Cervical cancer 'not just a young woman's disease'
There is a perception that cervical cancer is a young woman's disease, but half of deaths occur in women over 65, a British Medical Journal report says.
It argues that the age limit for cervical screening should be raised to 70 and older women should be targeted in health campaigns.
There was an average of 449 deaths from the cancer in over-65s and seven in under 25s between 2010 and 2012.
The report says the number of older women affected is set to increase.
By the age of 60-64, just 72% of women in England in 2013 had been screened in the previous five years.
This compares with 82% of 50 to 54-year-olds and 76% of 55 to 59-year-olds.
While cervical cancer is the most common cancer in women under 35, it continues to affect women of all ages.
Lead report author Dr Sue Sherman, senior lecturer in psychology at Keele University, said the figures suggest that older women are not getting themselves screened to prevent cervical cancer.
"This has become a significant contributor to the number contracting the disease."
She said that attention on younger women - including the death of television celebrity Jade Goody aged 27 in 2009 - had made women think of cervical cancer as a younger woman's disease.
There has also been a campaign to lower the age of screening from 25 in England after the death of a number of young women from cervical cancer.
Yet 20% of new diagnoses are in women over 65.
"We need to change the perception of cervical cancer so it is thought of just like breast and bowel cancer - that it can affect women well into old age."
The report found that women who had been tested regularly between the ages of 50 and 64 had "a relatively low risk" of getting the disease in the next 20 years.
But women who had not been screened during this time increased their risk considerably.
Dr Sherman said: "Regular screenings have the potential to catch the disease early and reduce the number of victims of cervical cancer dramatically."
The NHS cervical screening programme in England, Wales and Northern Ireland stops sending invitations for cervical screening after a woman reaches 65, although they can request to be screened after that time.
In Scotland, women between the ages of 20 and 60 are screened, but this will change to come into line with England's programme in April 2016.
Prof Julietta Patnick, director of the NHS cancer screening programmes, said: "The natural history of cervical cancer means that it is unlikely that women of 65 and over who have been regularly screened and discharged from the programme will go on to develop the disease.

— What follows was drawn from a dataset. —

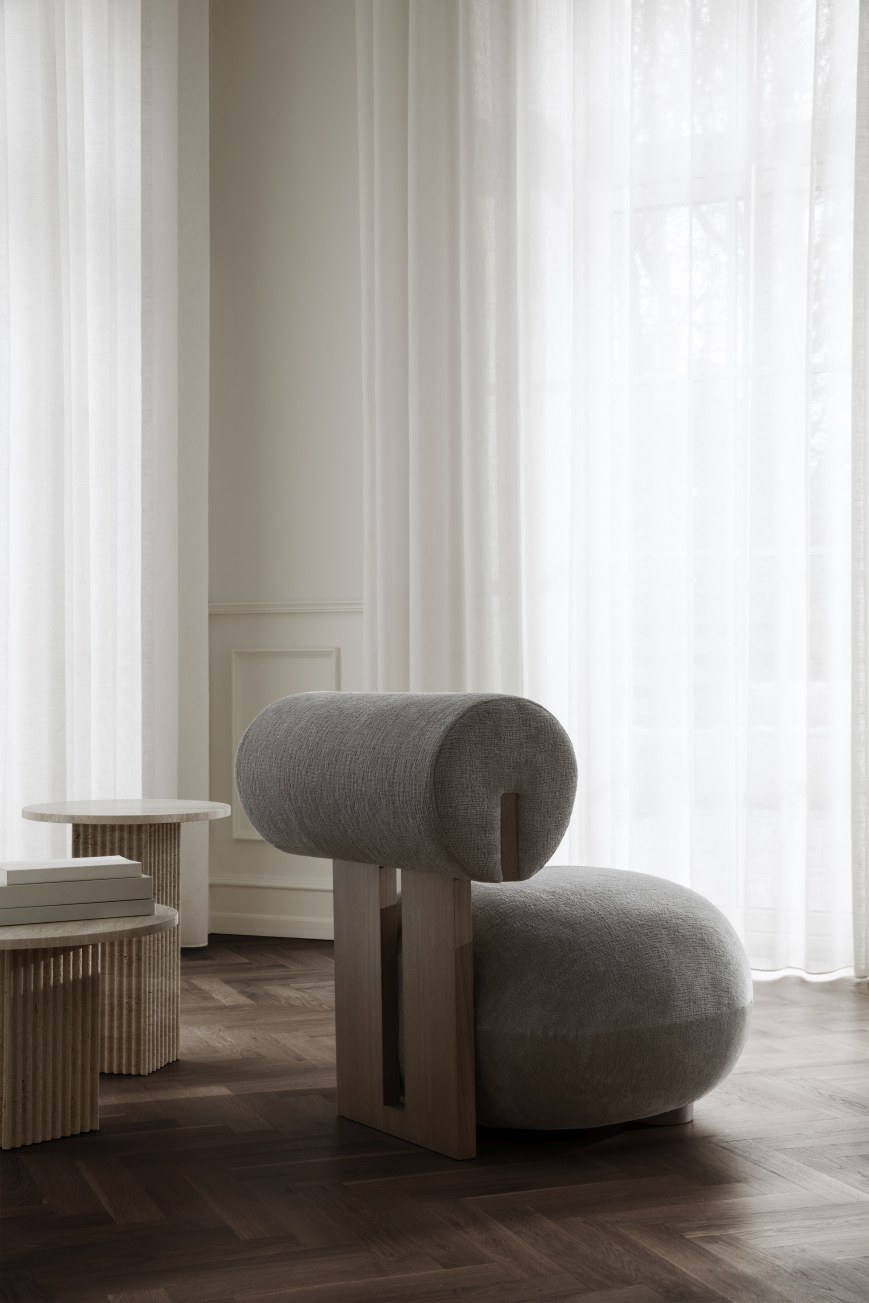 Grauer Hippo Lounge Chair Sessel von NORR11 mit Holzgestell vor hellem Vorhang und dunklem Holzboden.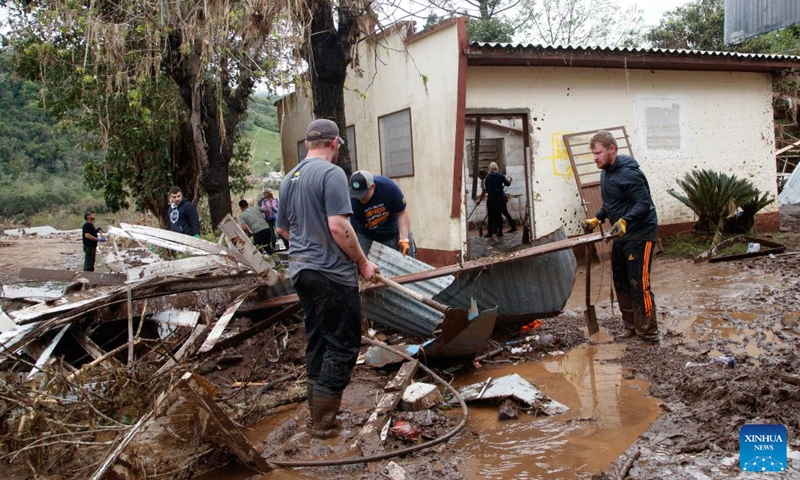 People remove house debris at the city of Mucum, Rio Grande do Sul, Brazil, on Sept. 9, 2023. Photo: Xinhua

"If a woman, aged over 65, has any concerns about her cervical health, we suggest that she contacts her GP at the earliest opportunity."
Cervical screening is estimated to save 4,500 lives in England each year.
Robert Music, chief executive of Jo's Cervical Cancer Trust, said there was an urgent need to increase survival rates for women in this age group.
He said some women believed that because they had been celibate for several years they did not consider themselves to be at risk.
"We must remind all women that HPV is very common and can lie dormant for very long periods of time, and that the best way of reducing one's risk of cervical cancer is to attend screening promptly whilst eligible," he said.